- **Problem**
What you write should be the line containing "ネイル ハンドネイル 石原 夕華のネイルデザイン" followed by every line after it to the end of the listing, exactly as given, and nothing more.
########
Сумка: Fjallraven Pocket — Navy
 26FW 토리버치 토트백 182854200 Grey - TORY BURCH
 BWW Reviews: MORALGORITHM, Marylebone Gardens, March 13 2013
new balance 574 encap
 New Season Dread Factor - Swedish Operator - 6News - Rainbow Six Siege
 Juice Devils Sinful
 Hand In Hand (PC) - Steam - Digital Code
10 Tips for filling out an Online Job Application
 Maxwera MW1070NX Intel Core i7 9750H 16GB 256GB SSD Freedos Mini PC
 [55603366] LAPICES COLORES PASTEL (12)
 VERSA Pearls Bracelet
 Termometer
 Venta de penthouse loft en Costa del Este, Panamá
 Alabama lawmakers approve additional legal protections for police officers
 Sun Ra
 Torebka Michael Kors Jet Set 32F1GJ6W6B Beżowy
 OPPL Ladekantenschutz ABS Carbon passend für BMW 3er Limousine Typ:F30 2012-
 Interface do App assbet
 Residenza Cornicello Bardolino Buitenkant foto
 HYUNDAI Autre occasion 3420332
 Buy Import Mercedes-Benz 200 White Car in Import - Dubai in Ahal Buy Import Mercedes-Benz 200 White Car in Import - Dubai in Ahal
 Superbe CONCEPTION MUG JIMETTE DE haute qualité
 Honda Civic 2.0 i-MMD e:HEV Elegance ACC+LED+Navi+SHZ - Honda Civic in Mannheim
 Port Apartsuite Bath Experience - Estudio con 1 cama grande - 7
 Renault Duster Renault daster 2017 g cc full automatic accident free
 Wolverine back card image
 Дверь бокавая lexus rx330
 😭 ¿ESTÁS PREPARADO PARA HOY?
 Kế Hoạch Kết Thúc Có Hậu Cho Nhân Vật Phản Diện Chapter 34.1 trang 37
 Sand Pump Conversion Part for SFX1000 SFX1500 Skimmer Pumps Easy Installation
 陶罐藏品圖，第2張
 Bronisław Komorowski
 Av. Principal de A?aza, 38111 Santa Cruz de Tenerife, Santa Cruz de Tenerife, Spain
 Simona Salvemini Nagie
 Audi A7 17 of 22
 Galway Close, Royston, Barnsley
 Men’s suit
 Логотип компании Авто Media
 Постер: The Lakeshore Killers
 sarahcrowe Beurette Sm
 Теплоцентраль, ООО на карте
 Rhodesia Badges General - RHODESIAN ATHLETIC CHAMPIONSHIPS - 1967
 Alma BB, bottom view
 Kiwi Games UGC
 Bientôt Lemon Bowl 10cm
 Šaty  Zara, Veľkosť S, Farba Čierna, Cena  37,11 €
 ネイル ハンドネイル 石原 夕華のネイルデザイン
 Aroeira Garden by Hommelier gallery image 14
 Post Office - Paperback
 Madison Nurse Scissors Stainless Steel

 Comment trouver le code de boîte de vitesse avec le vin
########
- **Exercise answer**
 ネイル ハンドネイル 石原 夕華のネイルデザイン
 Aroeira Garden by Hommelier gallery image 14
 Post Office - Paperback
 Madison Nurse Scissors Stainless Steel

 Comment trouver le code de boîte de vitesse avec le vin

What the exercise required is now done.